Garneau’s influence rose in the smaller Liberal party. He became House leader and made a run for the leadership in 2012, ultimately stepping aside a month before the 2013 convention that saw Justin Trudeau selected. After winning the 2015 election on behalf of Notre-Dame-de-Grace – Westmount, Garneau became Minister of Transport. He helmed that portfolio from November 2015 to January 2021, then took on the higher-profile Minister of Foreign Affairs portfolio between January and October 2021. He retired from politics on March 8, 2023.
Garneau the person
As an appendix to Garneau’s obituary, my long-time editor (Marc Boucher) and I agreed I should talk a bit about the character of Garneau. I was fortunate to talk with Garneau many times in the last two decades. When I was a student at Carleton University in Ottawa studying journalism, Garneau was chancellor there between 2003 and 2008 – including his term as CSA president. (Side benefits of completing the program included having a literal astronaut mingling at the graduation party, and getting a diploma with that astronaut’s signature on it.)
More seriously: Garneau made several visits a year to Carleton, and as far as I could tell as a cub reporter it was mostly to spend time with students. He not only prioritized graduation ceremonies, but made sure to do talks with engineering classes and other students close to space exploration. Additionally, he willingly sat for several interviews with me – including my first-ever feature article concerning the 20th anniversary of STS-41G. For a medium-sized student newspaper, I might add. Quite a generous act of a CSA president to sit so long and often, with a student only having a few dozen articles to her name.

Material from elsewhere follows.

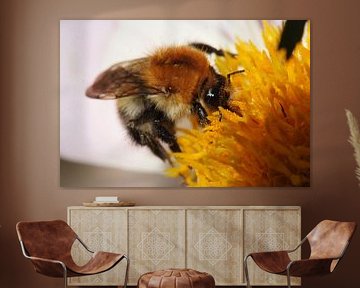 abeille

We touched base frequently over the decades, most memorably for my 2020 book Canadarm and Collaboration about the Canadian space program. Frankly, Garneau – then Minister of Transport – was integral to the book as Canada’s first astronaut, first astronaut-CSA president and first astronaut-politician; I could not imagine having done it without interviewing him. But, we ran into the unexpected a couple of times.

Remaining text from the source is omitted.